La toiture de certains bâtiments de l'abbaye d'Oka prend l'eau. Des travaux de 1 à 3 millions de dollars sont nécessaires, une somme dont la Corporation de l'abbaye d'Oka ne dispose pas.

Un texte de Francis Labbé

Le maire d'Oka lance un appel à l'aide aux gouvernements du Québec et du Canada. « Je suis moi-même entrepreneur en construction. Je sais de quoi je parle quand il est question des dommages causés par l'eau », lance Pascal Quevillon. « Malgré les réparations, ça continue à se dégrader. »

« On voit beaucoup de trous qu'il nous a fallu réparer. Si on laisse les choses aller encore quelques années, ce seront les moisissures et les champignons. Il sera trop tard », ajoute le maire Quevillon.
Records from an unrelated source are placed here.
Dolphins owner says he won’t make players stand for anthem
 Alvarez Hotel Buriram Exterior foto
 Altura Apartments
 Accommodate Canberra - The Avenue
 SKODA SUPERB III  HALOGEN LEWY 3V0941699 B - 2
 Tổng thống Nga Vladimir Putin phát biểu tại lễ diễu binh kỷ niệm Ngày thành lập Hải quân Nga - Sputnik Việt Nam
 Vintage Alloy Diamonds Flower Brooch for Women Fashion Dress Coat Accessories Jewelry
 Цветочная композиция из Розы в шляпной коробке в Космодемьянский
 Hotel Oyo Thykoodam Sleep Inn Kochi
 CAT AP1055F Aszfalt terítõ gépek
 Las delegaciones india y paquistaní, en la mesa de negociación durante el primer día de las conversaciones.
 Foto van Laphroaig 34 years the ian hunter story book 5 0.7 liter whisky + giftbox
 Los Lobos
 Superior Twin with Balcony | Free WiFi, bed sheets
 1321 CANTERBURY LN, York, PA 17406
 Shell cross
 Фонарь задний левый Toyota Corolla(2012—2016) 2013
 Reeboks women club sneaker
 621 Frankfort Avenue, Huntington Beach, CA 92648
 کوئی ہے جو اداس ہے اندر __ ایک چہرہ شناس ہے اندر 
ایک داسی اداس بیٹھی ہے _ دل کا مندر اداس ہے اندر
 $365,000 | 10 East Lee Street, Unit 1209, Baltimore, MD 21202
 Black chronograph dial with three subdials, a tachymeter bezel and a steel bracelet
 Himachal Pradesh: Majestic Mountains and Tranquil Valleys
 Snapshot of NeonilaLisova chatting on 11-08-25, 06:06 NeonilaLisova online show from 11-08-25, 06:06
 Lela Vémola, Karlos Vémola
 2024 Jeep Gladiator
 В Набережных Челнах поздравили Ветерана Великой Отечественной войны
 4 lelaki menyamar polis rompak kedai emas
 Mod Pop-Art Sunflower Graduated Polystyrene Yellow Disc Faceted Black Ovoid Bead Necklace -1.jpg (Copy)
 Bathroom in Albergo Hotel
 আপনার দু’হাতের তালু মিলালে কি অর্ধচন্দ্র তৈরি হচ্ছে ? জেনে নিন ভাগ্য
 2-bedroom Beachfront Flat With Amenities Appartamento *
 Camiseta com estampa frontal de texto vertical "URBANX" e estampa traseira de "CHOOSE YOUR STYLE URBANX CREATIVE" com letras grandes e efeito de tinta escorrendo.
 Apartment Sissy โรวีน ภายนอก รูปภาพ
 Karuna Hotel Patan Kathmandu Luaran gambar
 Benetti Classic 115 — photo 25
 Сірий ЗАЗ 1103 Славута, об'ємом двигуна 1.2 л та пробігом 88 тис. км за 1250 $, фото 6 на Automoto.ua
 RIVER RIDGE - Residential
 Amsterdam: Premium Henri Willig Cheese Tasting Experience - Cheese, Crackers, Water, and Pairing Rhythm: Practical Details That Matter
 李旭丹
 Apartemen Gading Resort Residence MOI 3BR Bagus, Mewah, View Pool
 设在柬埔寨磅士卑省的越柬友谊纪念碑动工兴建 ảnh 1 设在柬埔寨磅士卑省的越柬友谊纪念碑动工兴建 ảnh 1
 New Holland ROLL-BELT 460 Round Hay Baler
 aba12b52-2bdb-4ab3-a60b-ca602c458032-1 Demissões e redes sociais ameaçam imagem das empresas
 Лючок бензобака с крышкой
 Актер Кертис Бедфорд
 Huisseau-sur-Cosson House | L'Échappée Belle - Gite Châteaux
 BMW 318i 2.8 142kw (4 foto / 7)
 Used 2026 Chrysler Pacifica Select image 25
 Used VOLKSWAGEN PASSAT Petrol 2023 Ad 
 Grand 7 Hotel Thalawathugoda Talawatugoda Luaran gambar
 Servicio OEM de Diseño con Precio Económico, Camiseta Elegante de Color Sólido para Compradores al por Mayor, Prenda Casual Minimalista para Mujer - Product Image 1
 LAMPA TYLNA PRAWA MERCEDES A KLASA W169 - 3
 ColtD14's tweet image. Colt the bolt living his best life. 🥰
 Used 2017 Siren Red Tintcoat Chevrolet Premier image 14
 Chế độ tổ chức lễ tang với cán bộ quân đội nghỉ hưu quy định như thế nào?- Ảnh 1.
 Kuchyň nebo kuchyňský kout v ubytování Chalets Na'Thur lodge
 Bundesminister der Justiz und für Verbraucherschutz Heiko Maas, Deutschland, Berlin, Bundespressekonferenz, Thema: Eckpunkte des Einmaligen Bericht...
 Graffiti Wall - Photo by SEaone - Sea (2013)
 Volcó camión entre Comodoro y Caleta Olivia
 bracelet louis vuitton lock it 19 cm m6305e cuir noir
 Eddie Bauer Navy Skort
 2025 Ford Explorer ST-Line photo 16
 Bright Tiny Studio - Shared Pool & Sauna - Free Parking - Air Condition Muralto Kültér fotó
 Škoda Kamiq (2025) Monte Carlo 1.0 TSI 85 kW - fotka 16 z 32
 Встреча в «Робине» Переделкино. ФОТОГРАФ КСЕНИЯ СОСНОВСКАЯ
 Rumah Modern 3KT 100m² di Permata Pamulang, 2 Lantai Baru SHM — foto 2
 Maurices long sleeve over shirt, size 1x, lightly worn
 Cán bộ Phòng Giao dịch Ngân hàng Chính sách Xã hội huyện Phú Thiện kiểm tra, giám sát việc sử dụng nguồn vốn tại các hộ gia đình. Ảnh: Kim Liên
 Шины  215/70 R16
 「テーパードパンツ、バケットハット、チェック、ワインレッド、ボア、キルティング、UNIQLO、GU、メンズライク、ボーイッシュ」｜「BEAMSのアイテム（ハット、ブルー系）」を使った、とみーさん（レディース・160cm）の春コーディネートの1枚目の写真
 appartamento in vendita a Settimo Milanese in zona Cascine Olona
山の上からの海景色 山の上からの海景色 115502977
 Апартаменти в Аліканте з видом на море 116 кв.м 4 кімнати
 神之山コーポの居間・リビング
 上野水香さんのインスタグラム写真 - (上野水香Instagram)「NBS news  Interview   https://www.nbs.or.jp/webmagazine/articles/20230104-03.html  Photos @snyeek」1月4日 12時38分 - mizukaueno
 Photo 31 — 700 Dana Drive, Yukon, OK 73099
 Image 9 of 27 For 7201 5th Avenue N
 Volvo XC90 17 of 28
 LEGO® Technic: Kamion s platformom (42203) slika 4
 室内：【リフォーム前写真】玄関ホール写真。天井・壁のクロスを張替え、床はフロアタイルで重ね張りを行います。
C'est la Corporation de l'abbaye d'Oka qui est propriétaire des lieux depuis 2007, soit depuis le départ des pères trappistes pour Saint-Jean-de-Matha, dans Lanaudière. « Avant de vendre le bâtiment, ils ont fait des travaux, mais ils n'ont pas nécessairement investi massivement dans la rénovation », explique M. Quevillon, qui est aussi président de la Corporation.

C'est la raison pour laquelle Pascal Quevillon a écrit directement au premier ministre du Canada, ainsi qu'au gouvernement du Québec, en février dernier. « C'est un cri du coeur, nous avons besoin d'un coup de main. »

Au moment d'écrire ce reportage, Ottawa n'avait donné aucun signe de vie. À Québec, le cabinet de la ministre responsable des Laurentides, Christine Saint-Pierre, a contacté le maire d'Oka pour évoquer un scénario.

« Il y a un programme auquel nous pourrions faire application, explique Pascal Quevillon. Ça implique que la municipalité reconnaisse le bâtiment comme patrimonial, à la suite de quoi nous serions éligibles. Mais je n'ai encore aucune idée du montant que ça pourrait représenter. »

Le bâtiment ne peut plus être reconnu parmi le patrimoine religieux du Québec, puisque les pères cisterciens ont quitté les lieux depuis longtemps. La Communauté métropolitaine de Montréal a reconnu sa valeur patrimoniale, mais il ne fait pas partie des bâtiments reconnus par Québec.

Difficile financièrement

L'an dernier, l'abbaye a accueilli une cinquantaine d'événements, dont 25 mariages. « Cette année, on augmente ce nombre de 33 % », explique Pierre Leblanc, chef traiteur et nouveau restaurateur sur place. « On le voit, depuis deux ans, le potentiel énorme de cet endroit. »

Pendant l'été 2016, près d'une centaine de personnes y travaillaient. « Nous avons accueilli des centaines de cyclistes », ajoute M. Leblanc.

Malgré tout, le complexe n'a pas encore atteint le seuil de rentabilité.

« La Corporation n'a pas de marge de crédit, ni de fonds de roulement », précise le maire Quevillon. « Nous sommes en arrérages de paiement de taxes auprès de la municipalité d'Oka et de la Commission scolaire. »

« Nous avons pensé vendre des terres agricoles, mais les créanciers devraient être payés et je ne suis pas du tout certain qu'il nous resterait suffisamment d'argent pour faire les travaux. Nous espérons de l'aide des gouvernements supérieurs. Nous sommes convaincus du potentiel économique de l'abbaye », conclut le maire.